Barreira et al. (2013) presented a study describing the use of internet search information to achieve an improved nowcasting ability with simple autoregressive models, using data from four countries on unemployment rate and car sales. The monthly unemployment data for Portugal, Spain, France and Italy were taken from the European Central Bank Statistical Data Warehouse website. They used seasonal adjusted data from January 2005 to August 2013. They used different search terms for each country, because a simple translation might not capture relevant searches in another country. For the Google Trends data there exists a measurement error. Requests for the same query will differ each day, because the sample will differ. Barreira et al. (2013) created an API that collects the data in a 14-day period, and calculates the average over these two weeks, similar to the method used by Carrière and Swallow (2013).
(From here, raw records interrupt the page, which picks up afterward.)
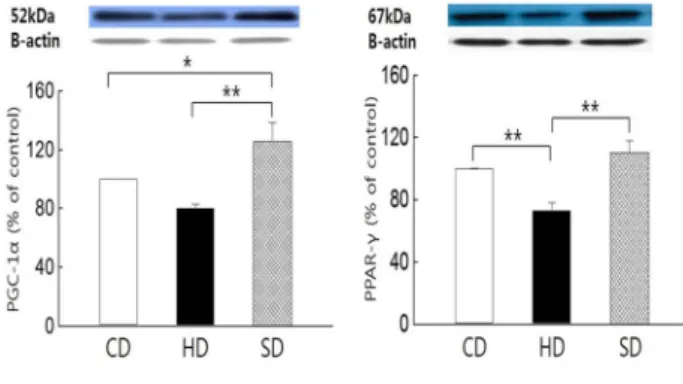 Fig.  4.  Difference  of  PGC-1α  and  PPAR-γ  protein  expression  in  skeletal  muscle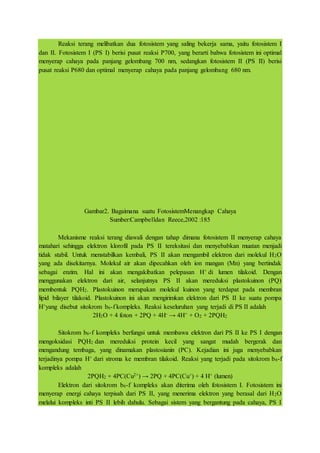 Reaksi terang melibatkan dua fotosistem yang saling bekerja sama, yaitu fotosistem I
dan II. Fotosistem I (PS I) berisi pusat reaksi P700, yang berarti bahwa fotosistem ini optimal
menyerap cahaya pada panjang gelombang 700 nm, sedangkan fotosistem II (PS II) berisi
pusat reaksi P680 dan optimal menyerap cahaya pada panjang gelombang 680 nm.
Gambar2. Bagaimana suatu FotosistemMenangkap Cahaya
Sumber:Campbelldan Reece,2002 :185
Mekanisme reaksi terang diawali dengan tahap dimana fotosistem II menyerap cahaya
matahari sehingga elektron klorofil pada PS II tereksitasi dan menyebabkan muatan menjadi
tidak stabil. Untuk menstabilkan kembali, PS II akan mengambil elektron dari molekul H2O
yang ada disekitarnya. Molekul air akan dipecahkan oleh ion mangan (Mn) yang bertindak
sebagai enzim. Hal ini akan mengakibatkan pelepasan H+ di lumen tilakoid. Dengan
menggunakan elektron dari air, selanjutnya PS II akan mereduksi plastokuinon (PQ)
membentuk PQH2. Plastokuinon merupakan molekul kuinon yang terdapat pada membran
lipid bilayer tilakoid. Plastokuinon ini akan mengirimkan elektron dari PS II ke suatu pompa
H+yang disebut sitokrom b6-f kompleks. Reaksi keseluruhan yang terjadi di PS II adalah
2H2O + 4 foton + 2PQ + 4H- → 4H+ + O2 + 2PQH2
Sitokrom b6-f kompleks berfungsi untuk membawa elektron dari PS II ke PS I dengan
mengoksidasi PQH2 dan mereduksi protein kecil yang sangat mudah bergerak dan
mengandung tembaga, yang dinamakan plastosianin (PC). Kejadian ini juga menyebabkan
terjadinya pompa H+ dari stroma ke membran tilakoid. Reaksi yang terjadi pada sitokrom b6-f
kompleks adalah
2PQH2 + 4PC(Cu2+) → 2PQ + 4PC(Cu+) + 4 H+ (lumen)
Elektron dari sitokrom b6-f kompleks akan diterima oleh fotosistem I. Fotosistem ini
menyerap energi cahaya terpisah dari PS II, yang menerima elektron yang berasal dari H2O
melalui kompleks inti PS II lebih dahulu. Sebagai sistem yang bergantung pada cahaya, PS I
For the Google Trends data on car sales, the top 20 car brands were used as keywords, representing more than 92% of the market share, again using the API to overcome the measurement error in daily differences. The two goals were to determine whether the use of the volume of search queries improved the ability of simple models to describe the behaviour of unemployment and car sales, and the ability to nowcast unemployment and car sales, in different periods. For the baseline model they used an ARMA(p,q) model. The extended model included the Google Trends data and some of its lagged values, if significantly different from zero. A Quandt Likelihood Ratio test, for structural breaks, was done for both the baseline model and the extended model. Whenever a structural break was found, all data was removed with 15% trimming at the beginning and end of a sample period, and the test was repeated. The results showed that Google Trends data led to the improvement of nowcasts in three out of the four considered countries, in the case of unemployment. For car sales they found that, in some cases, the volume of search queries

(7)

7

helps explaining the variance in car sales data, but found little support on improving predictions. They concluded that when Google Trends variables are significantly different from zero in-sample, they tend to lead to improvements in out-of-sample predictive ability.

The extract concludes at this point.